There are several things to love about this book.

First, the language used is intricate, delicate and beautiful. Jessica Thorne has a such a mastery over vocabulary which she uses skillfully and without alienating her reader with a lot of “high-falooty mambo jumbo”. It’s simply exquisite. She uses words like a carver would use their tools to carefully craft a world-behind-the-world creating such detail and a stunning backdrop for this story. I fell in love with the library as though it was a living, breathing entity.

Probably the only thing I didn’t like was there was so much of this, it took a while for the actual story to unfold. You have to just stay with it but trust me, it’s so worth it!

Next, the story itself. The idea of books and magic housed under the roof of a library isn’t one unknown to us readers. Quite honestly, books are magic, transporting, creating, educating and allowing escape for our everyday lives - even if we’re escaping to vicariously live the everyday life of a book character. We meet it, crave it and thrill to it as we let the magic of a good book envelope us and take us where the author wants us to go. Outside of God and all I feel and know through my faith, books are literally the next best ‘high’ one can get.

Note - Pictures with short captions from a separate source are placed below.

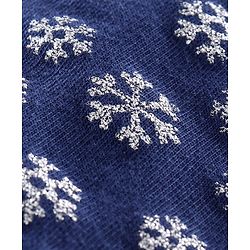 Babyhug Full Length Jeggings Snowflake Print - Navy Blue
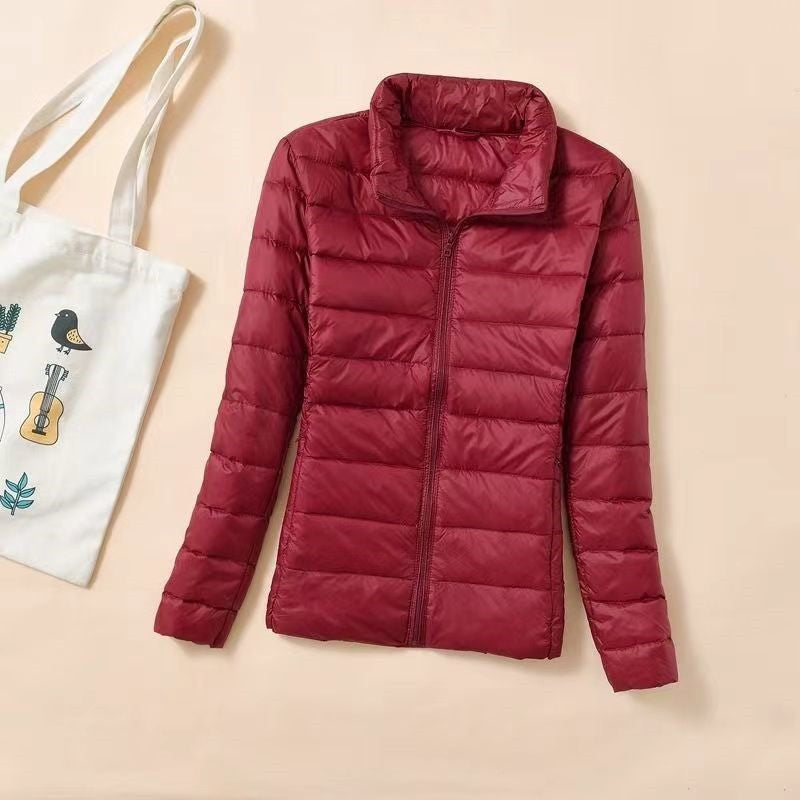 New Women Ultralight Thin Short Quilted Duck Down Jacket Lady Puffer Parkas Overcoat Autumn Winter Female Portable Outwear Coats
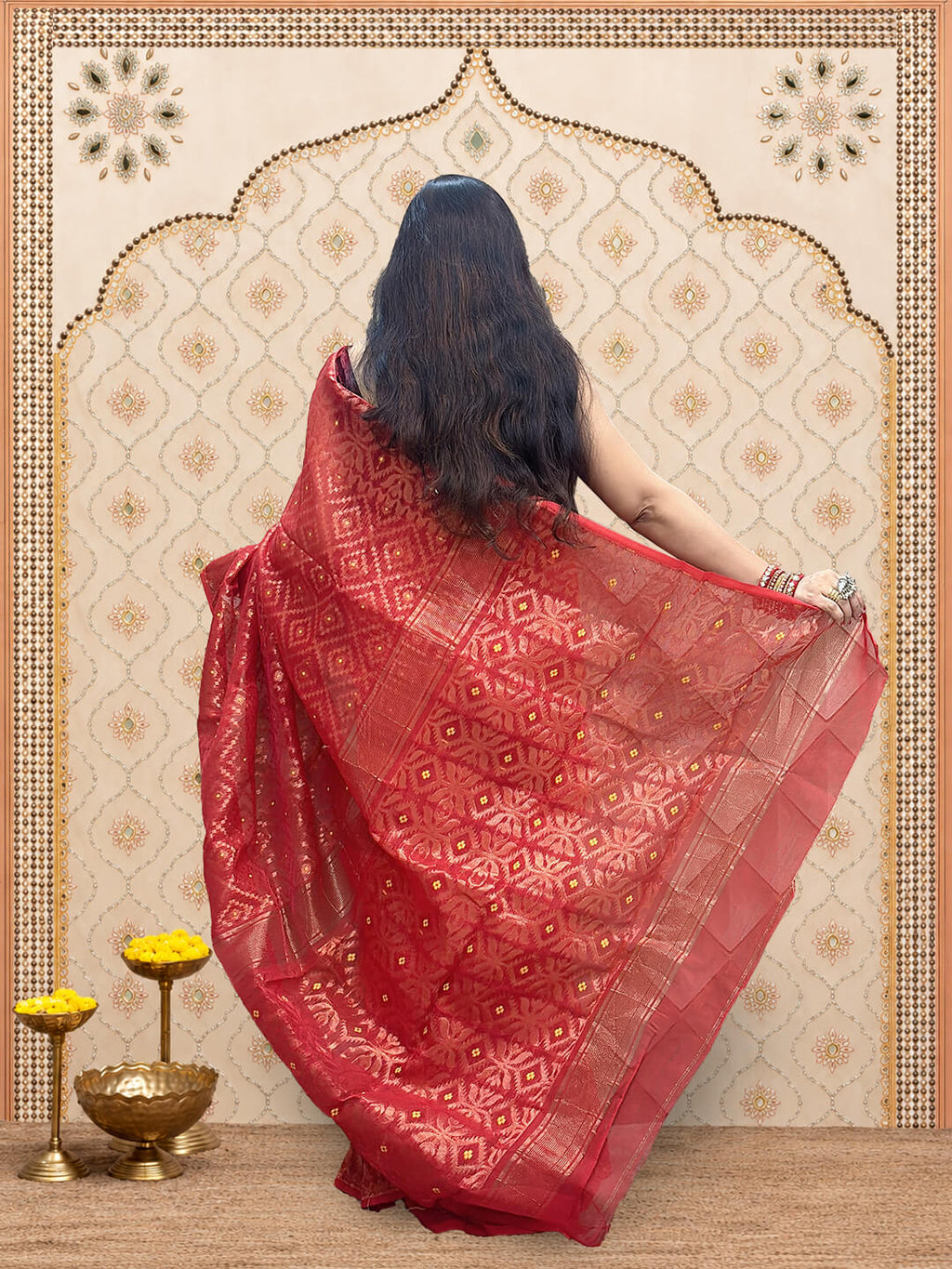 Rupshri Red cotton jamdani saree with golden & yellow woven design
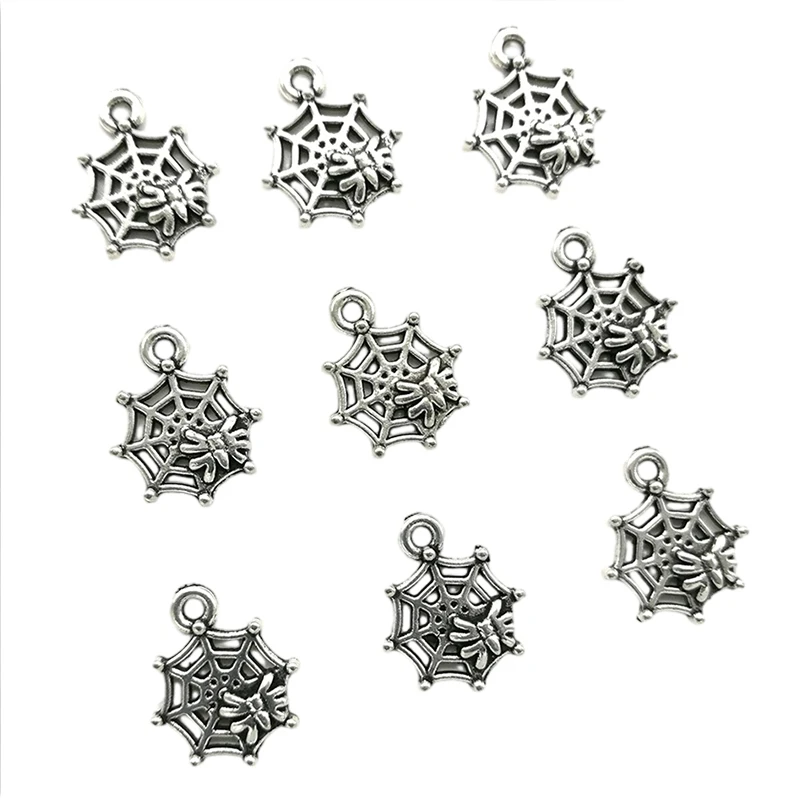 100pcs/pack Antique Silver Spider Web Charms Pendants For Jewelry Making 16*13mm
100pcs/pack Antique Silver Spider Web Charms Pendants For Jewelry Making 16*13mm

I always love when an inanimate object suddenly becomes a character. There are two of those in this book; one is the library and one is the tree. They both have words, feelings, personalities and ebb and flow with the heroine flawlessly as she seeks out their secrets and unravels their mysteries. The library moans and groans under threat of evil. The tree dispels its leaves which, in turn, become pages for the bookbinder to create into a book.

There’s a nice symbiotic relationship here as the library cannot survive without the tree, which gives of itself to the library yet the tree cannot exist without the library; the library is its home.

The main character of Sophie is lost, alone and confused and all for the right reasons, having survived an emotionally abusive relationship and much loss. She flees to be with an estranged uncle as she takes on a job as the bookbinder at Ayredale’s library. She meets up with friends, old and new. There is a love interest in the form of Will and we struggle along with her to find out his connection to the library.

There is an evil presence and I often found myself wondering who were the good guys and who were the bag guys with the exception of Sophie, our heroine. There is a nice character development as we watch Sophie’s internal struggle to find out what happened to her mom but also to free herself from the bondage of her abusive relationship.

Lastly, I love that this story is almost told like a bit of folklore. It’s like a story you’d tell your kids at night, around a fire while sipping hot chocolate. It’s simply lovely!